Sen. Imee Marcos made the proposal earlier this week to allow the government to tap P451 billion of the 2020 national budget which is being used for loan payments.
In an online press briefing on Thursday, Presidential Spokesperson Harry Roque said the government is not considering the option since all the country’s foreign loans have a “cross default provision.”
“If we default [with] one of the creditors, we will default with all of our creditors . . . what will happen then is all our creditors will demand payment at the same time,” Roque said.

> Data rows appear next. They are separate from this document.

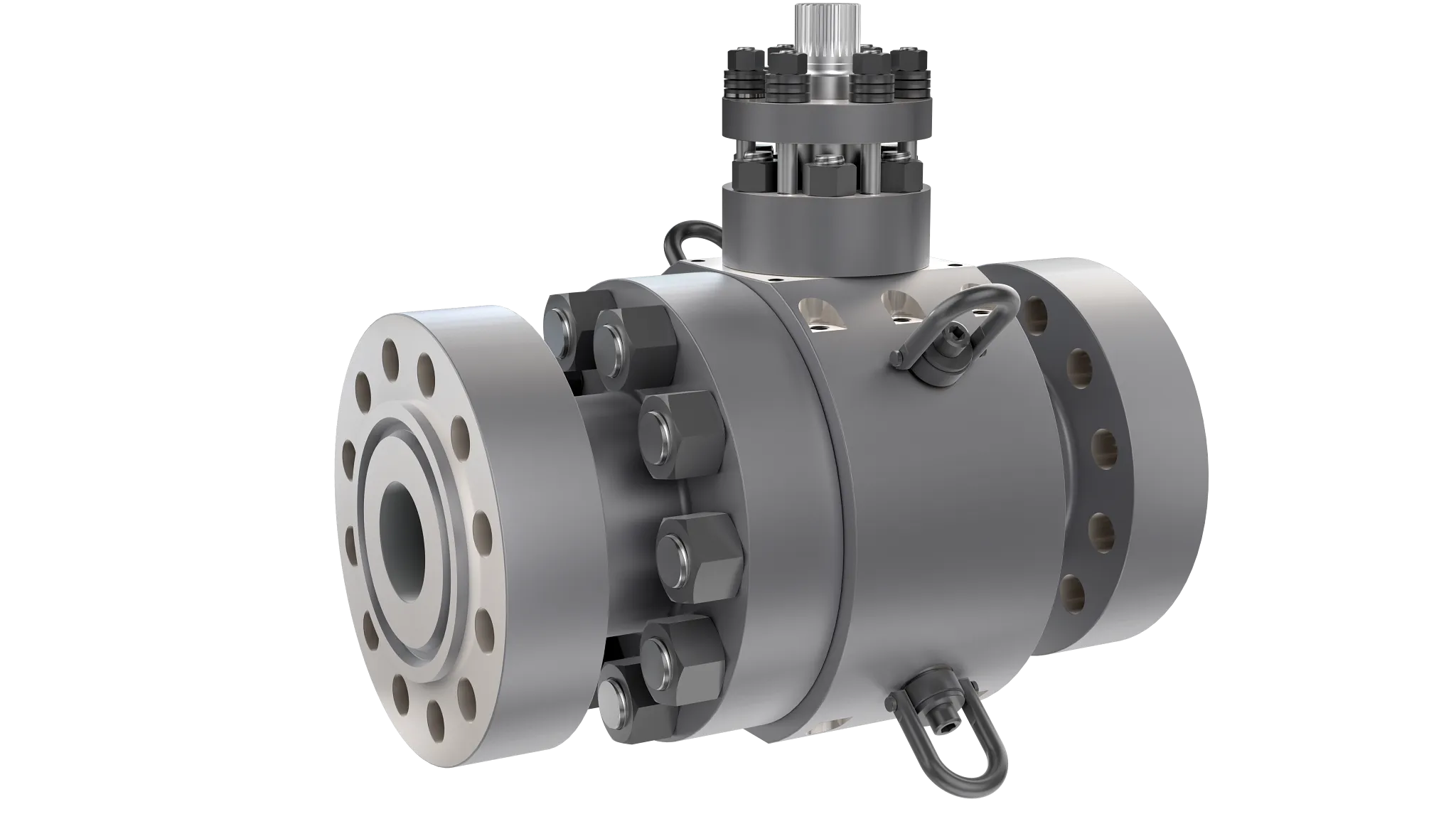 Floating Ball Valves-FK75M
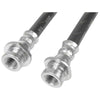 Ford Maverick Front Left+Right Brake Line Hose Set (1988 - 1997)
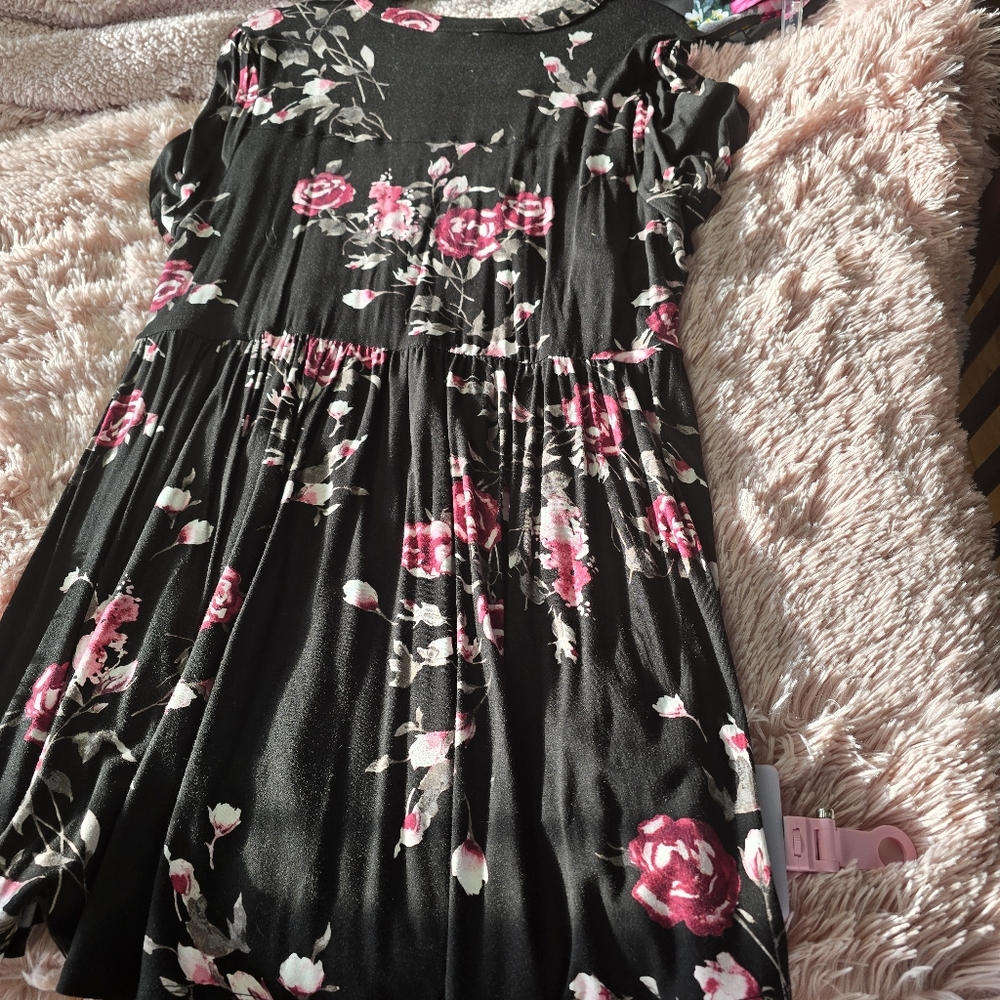 Babydoll tee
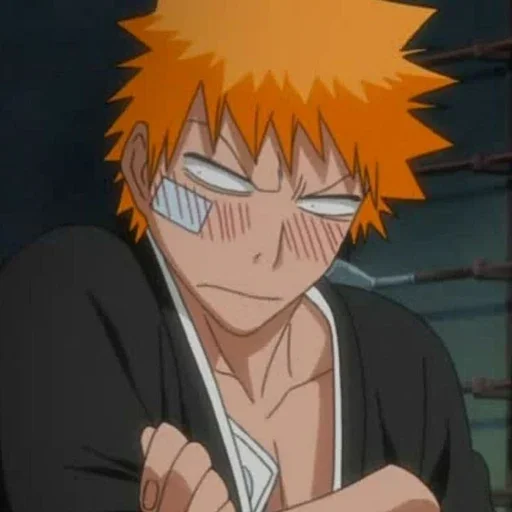 🎋 Стикер «Ichigo Hishigo» для Telegram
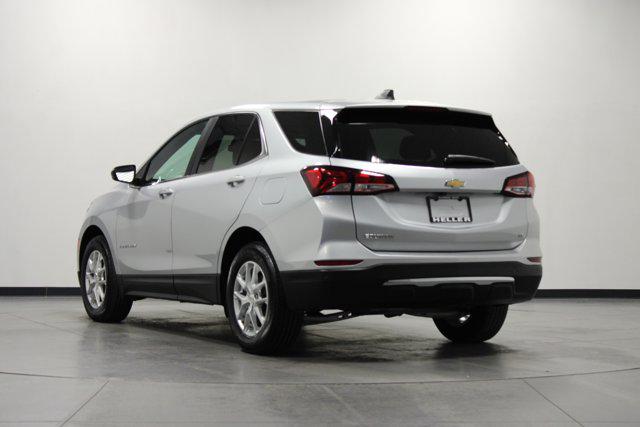 2022 Chevrolet Equinox FWD LT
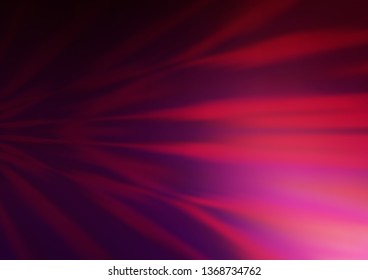 Dark Pink vector modern elegant template. Colorful illustration in abstract style with gradient. The blurred design can be used for your web site.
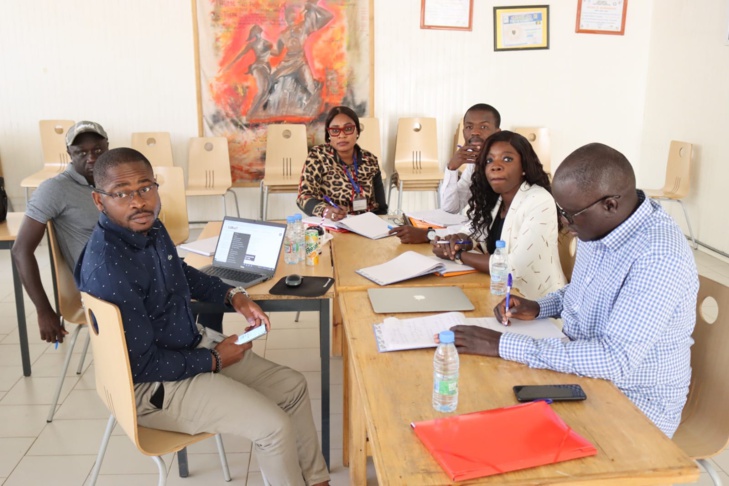 Compagnie Sucrière Sénégalaise : Le comité de matérialité RSE de la CSS, poursuit son parcours initiatique Compagnie Sucrière Sénégalaise : Le comité de matérialité RSE de la CSS, poursuit son parcours initiatique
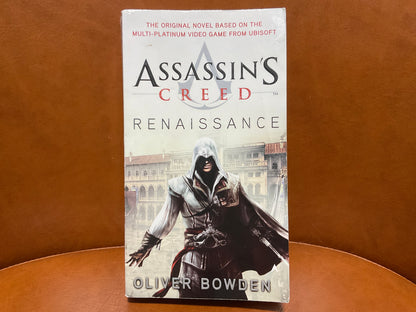 Assassin’s Creed: Renaissance by Oliver Bowden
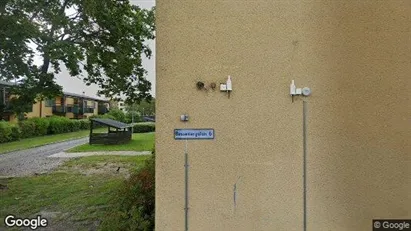 Lägenheter att hyra i Sandviken - Bild från Google Street View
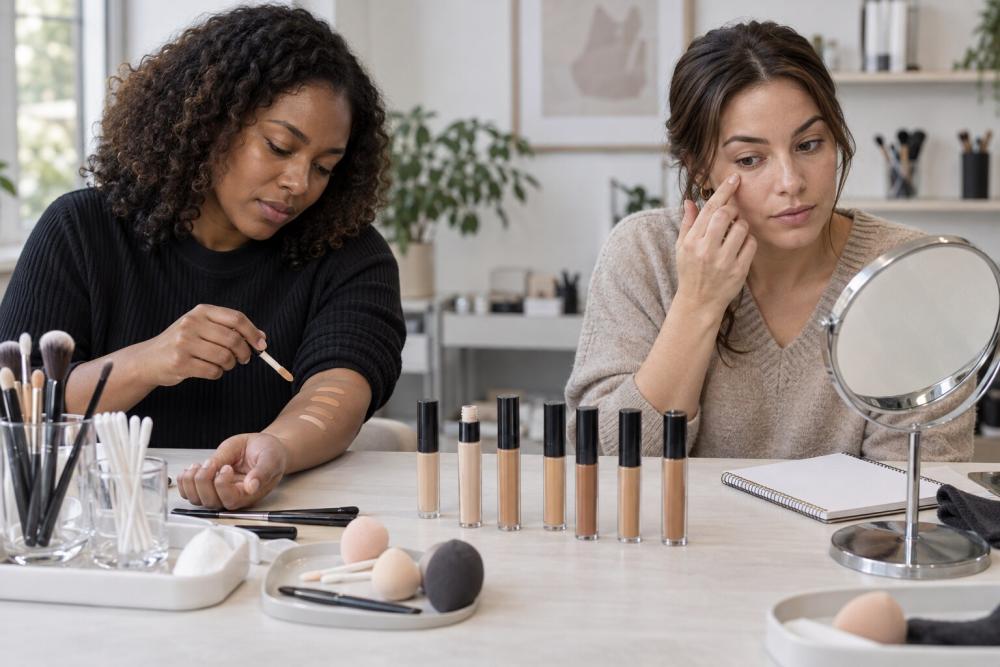 Så bedöms Concealer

If it needs more resources, the government will more likely sell first its properties, as earlier announced by President Duterte, to generate more funds before it even considers a default on its loan obligation, Roque said.
Among the other top options of the government to get more funding for its Covid-related initiatives is to realign allocated budgets, as well as to borrow from international financial institutions.
On Wednesday, Finance Secretary Carlos Dominguez III rejected Marcos’s “narrow-minded proposal,” which he said will taint the Philippines’s 34-year track record of honoring its loan obligations.
Dominguez earlier said the government is eyeing to borrow $5.6 billion from the World Bank and the Asian Development Bank (ADB) to help finance government interventions for the Covid pandemic.